▶ _Source data_
===

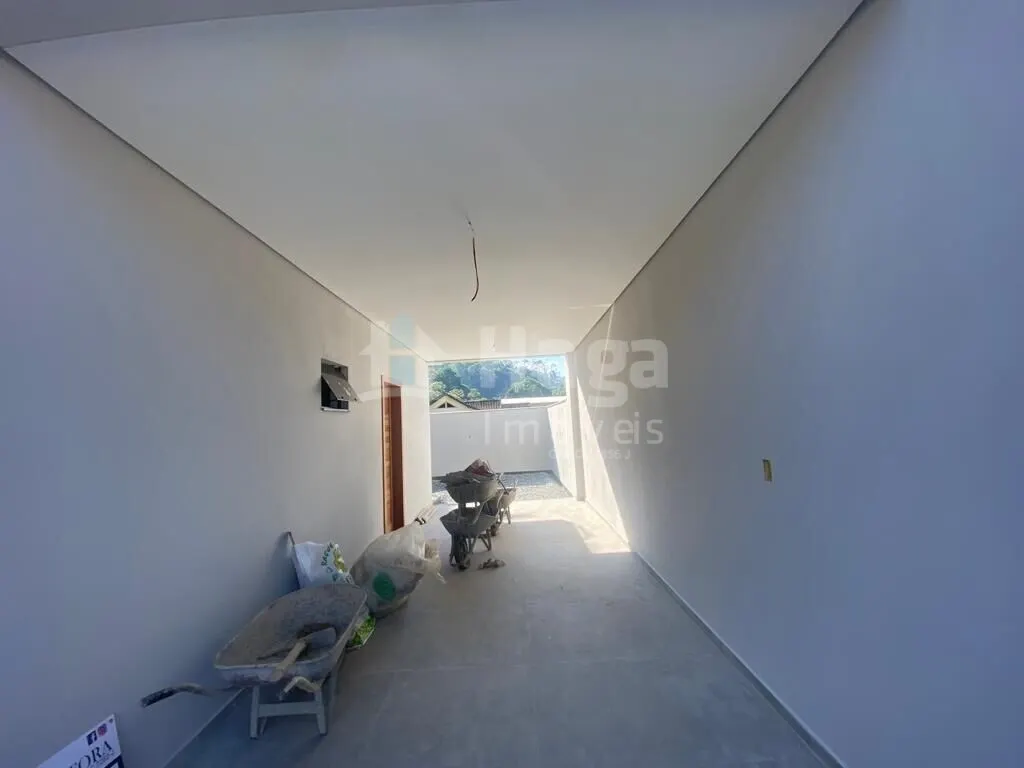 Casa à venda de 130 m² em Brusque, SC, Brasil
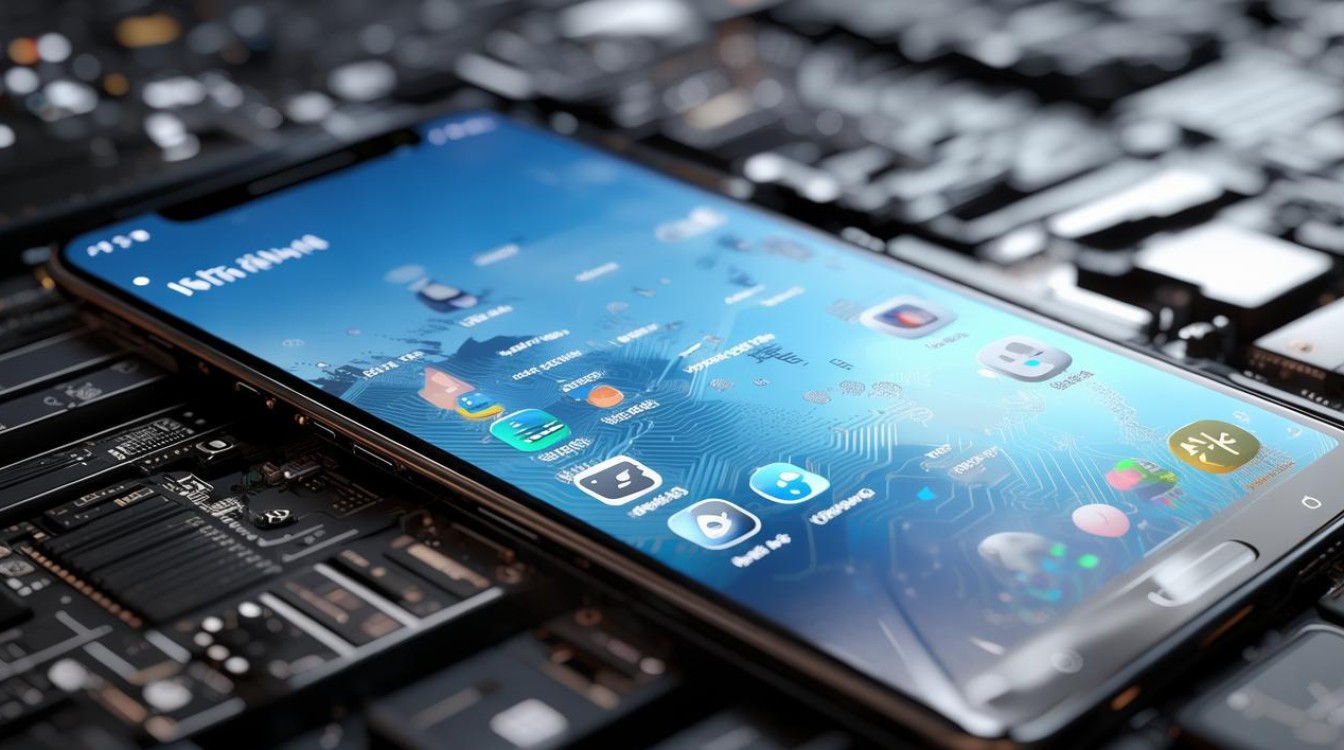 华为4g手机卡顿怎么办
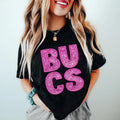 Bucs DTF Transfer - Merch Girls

===

▶ _Directions for this task_
Without any pictures, transcribe the listing above exactly as written.

▶ _The completed task_
 Casa à venda de 130 m² em Brusque, SC, Brasil
 华为4g手机卡顿怎么办
 Bucs DTF Transfer - Merch Girls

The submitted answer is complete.